Re: Who is compiling Eu, and why?
- Posted by jimcbrown (admin) Jan 30, 2015
- 1939 views
Ok, over to the development team: Can you develop new features in OE faster and easier if those new features are not simultaneously pushed into the compiler, and future OE work be only for the interpreter and binder?
It depends on the specific features (e.g. definitely yes for string execution), but in general, the answer is no.
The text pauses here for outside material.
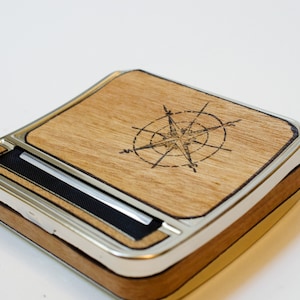 Compass Gelenkroller Zigarettenetui, Echtholz, Echtholz, Echtholz, Geschenk für Ihn, Geschenk für Ihn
Most of the work in adding a feature tends to be in the parser/scanner, which is written in Eu and is a piece of code shared in common, or it's in the runtime library, which is written in C and also generally shared in common (with a couple of exceptions).
What is desired is to leap beyond what OE is, instead of OE playing "a-catch-up-with-sequences". We don't need 10 new ways to use match(), we need assorted core features, some of which have been shown over the years in interpreters done by Karl, Matt, and Pete.
Pete Lomax's Phix is written in Phix, and so runtime changes are probably a lot easier to do there - there's generally no need to deal with C.
Matt's OOEU was based on the Eu backend. A lot of his features are just plain hard to get right in the C backend/C runtime library (which would be ncessary to get it working with the conventional interpreter/binder/shrouder).
(IIRC Karl's work with Bach was done under a less than open-and-free license, so I don't have any information on the work he did there.)